►
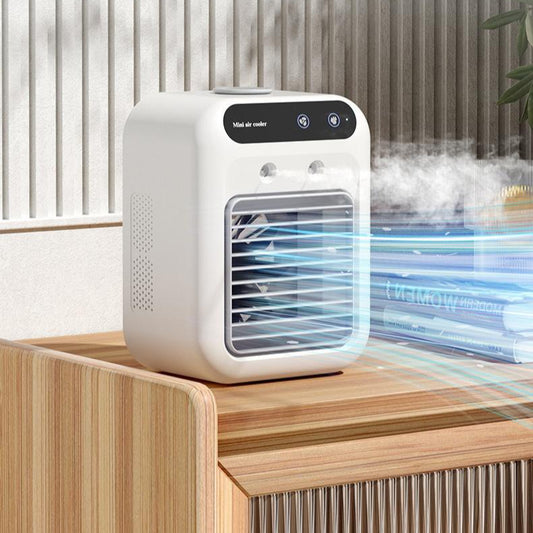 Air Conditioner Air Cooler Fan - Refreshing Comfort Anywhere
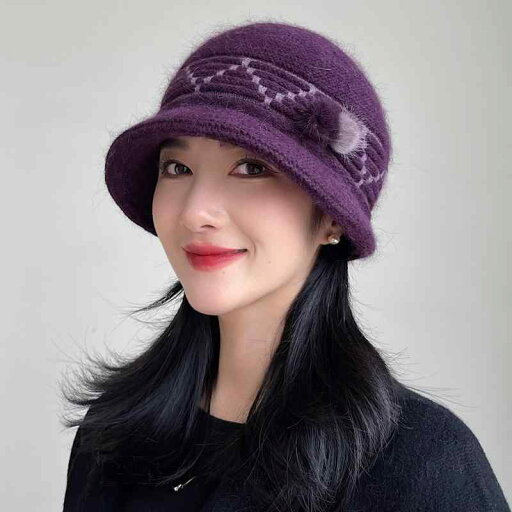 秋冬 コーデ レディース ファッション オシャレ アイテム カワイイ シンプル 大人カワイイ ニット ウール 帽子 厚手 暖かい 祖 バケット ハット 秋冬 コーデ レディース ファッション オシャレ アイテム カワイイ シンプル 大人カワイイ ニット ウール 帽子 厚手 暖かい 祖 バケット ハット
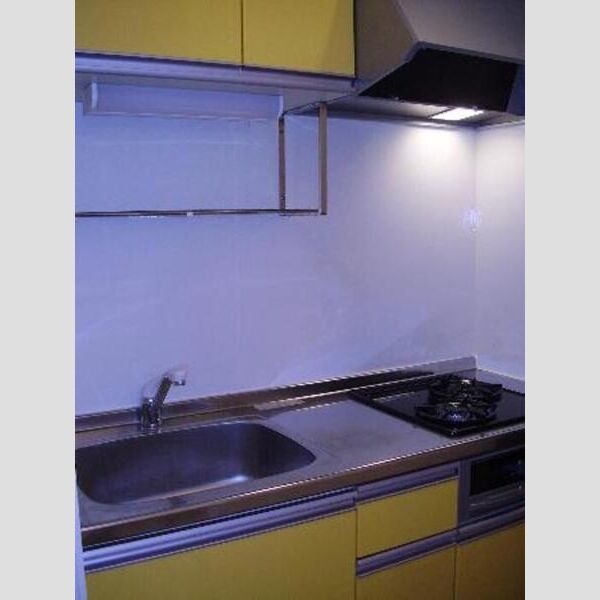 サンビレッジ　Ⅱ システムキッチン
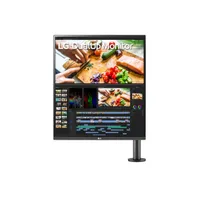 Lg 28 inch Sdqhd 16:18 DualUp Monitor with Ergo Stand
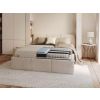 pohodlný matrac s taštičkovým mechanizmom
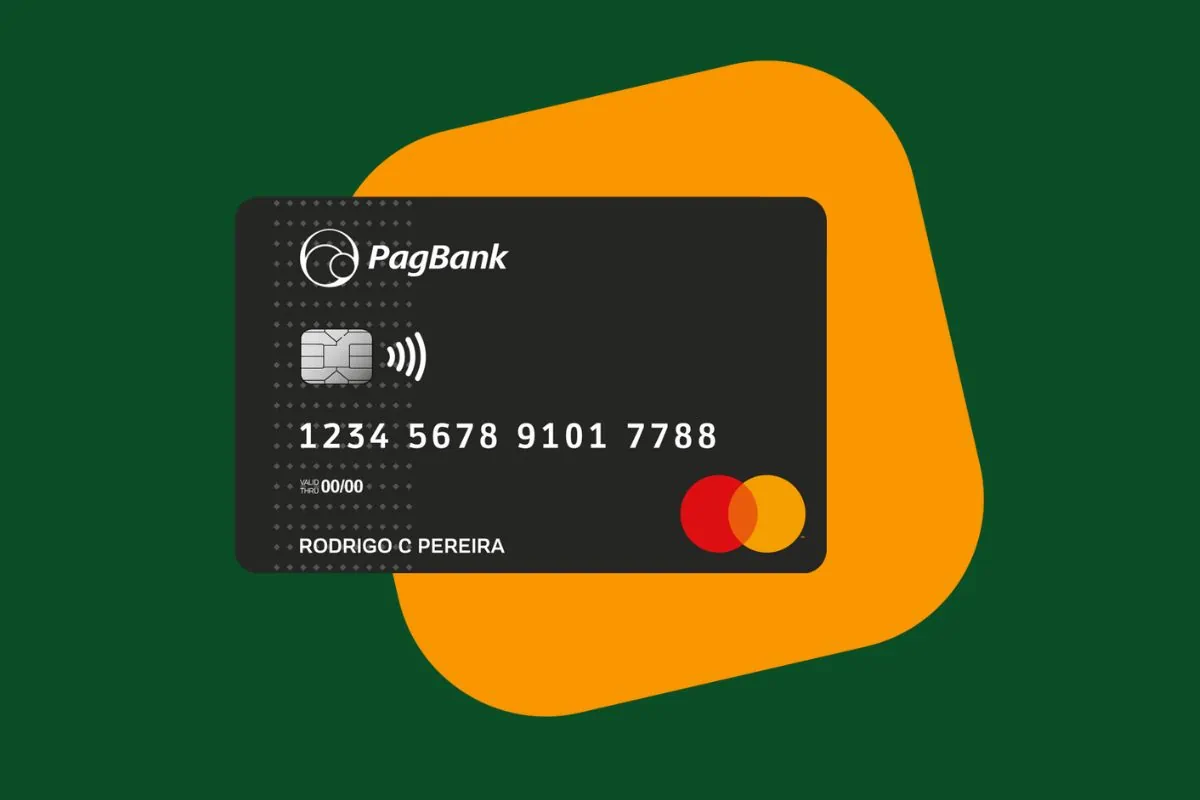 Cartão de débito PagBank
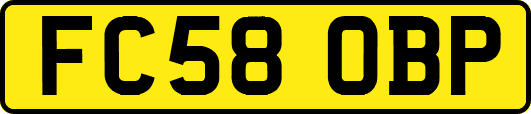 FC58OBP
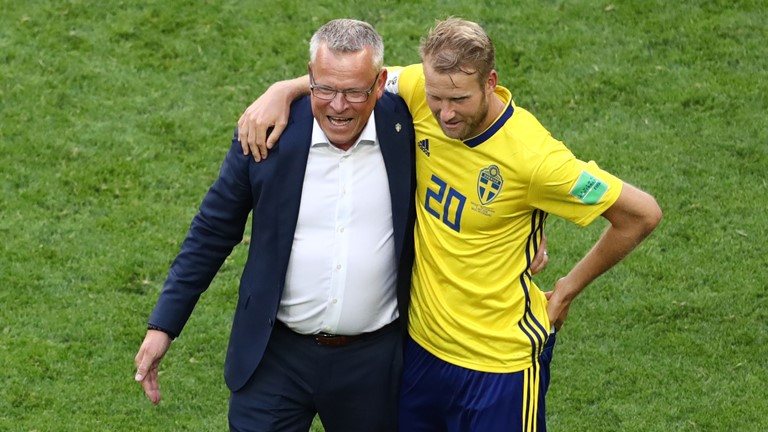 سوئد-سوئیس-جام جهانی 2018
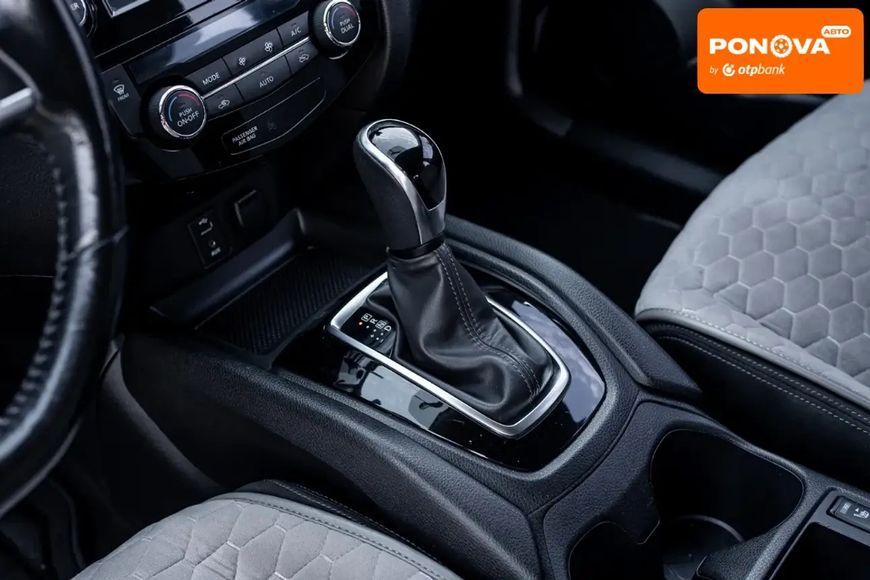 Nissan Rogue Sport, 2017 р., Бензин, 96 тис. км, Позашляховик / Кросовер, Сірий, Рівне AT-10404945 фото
◄
AIM OF THE EXERCISE ->
Each entry above should be restated word for word, though no picture may appear in the copy.

WRITTEN ANSWER ->
 Air Conditioner Air Cooler Fan - Refreshing Comfort Anywhere
 秋冬 コーデ レディース ファッション オシャレ アイテム カワイイ シンプル 大人カワイイ ニット ウール 帽子 厚手 暖かい 祖 バケット ハット 秋冬 コーデ レディース ファッション オシャレ アイテム カワイイ シンプル 大人カワイイ ニット ウール 帽子 厚手 暖かい 祖 バケット ハット
 サンビレッジ　Ⅱ システムキッチン
 Lg 28 inch Sdqhd 16:18 DualUp Monitor with Ergo Stand
 pohodlný matrac s taštičkovým mechanizmom
 Cartão de débito PagBank
 FC58OBP
 سوئد-سوئیس-جام جهانی 2018
 Nissan Rogue Sport, 2017 р., Бензин, 96 тис. км, Позашляховик / Кросовер, Сірий, Рівне AT-10404945 фото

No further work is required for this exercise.